The Formula 1 World Championship started in 1950 with the first race being held at Silverstone, Great Britain. In these early days, the length of the race was 300Km or 3 hours. The cars could have engines up to 4500cc normally aspirated, or 1500cc supercharged. The points system was somewhat different than it is today with 8-6-4-3-2 points being awarded to the top five drivers, with an extra point for the driver with the fastest lap time. Drivers were allowed to share cars with the points being divided accordingly. Only the best four results counted towards the world championship standings.

In 1952/53, world championship races were held with Formula 2 style cars due to the insufficient number of Formula 1 cars. Engines were 2000cc normally aspirated or 500cc supercharged.

1954 saw the re-introduction of Formula 1 cars. The maximum engine sizes were now 2500cc normally aspirated or 750cc supercharged. The points system was changed so that the best five results in a year counted towards the championship standings. Things stayed fairly constant until 1958 when it was ruled that drivers could no longer share cars in a race. To compensate, the race length was changed to 300 and 500 Km with a maximum race length of two hours. The points system changed yet again with the best six races counting.

There were more changes on the way and in 1960, the extra point for the fastest lap was removed. 1961 saw the introduction of a minimum dry weight for the car, and body work restrictions stopped enclosed wheels. The points also changed again to 9-6-4-3-2 -1 for the first six finishers.
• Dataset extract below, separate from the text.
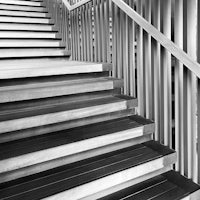a black and white photo of a staircase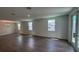 Spacious living room with hardwood floors, modern lighting, and bright, sunlit windows at 706 Junonia Blvd, New Smyrna Beach, FL 32168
The maximum engine size changed again in 1966 to 3000cc normally aspirated or 1500cc supercharged, and in 1972 the restriction of a maximum of 12 cylinders per engine was introduced.

In 1983 more aerodynamic changes were imposed mandating a flat underside to the car. Three years later the engines specification changed again to a maximum of 1500cc supercharged or turbocharged with no other restrictions. This only lasted a few years before a maximum of 3500cc normally aspirated only was introduced in 1989 thus bring to the end the 'turbo period'.

1994 saw the next set of changed after Ayrton Senna's death. More aerodynamic restrictions were imposed and the airbox was revised in an attempt to reduce engine power. A 10cm stepped flat bottom was also introduced to slow down the cars.

The points system continuously changed up to 1984 when it stabilised at the best 11 results out of the 16 races. This remain until 1991 when all restrictions were removed and the points from all 16 races counted - this is what we have today.

Now we have a 3000cc normally aspirated engine as a maximum, but the airbox restrictions have been removed. The traction control and self levelling suspension systems of the early 1990 's have been band, and further new rules are planned for 1997/98.

Of these, the most noticeable is the planned introduction of grooved tyres to reduce grip in cornering and thus speed. It has been suggest that this may lead to some of the aerodynamic restriction being removed. The thinking being that if cars get too fast again, another groove can be introduced.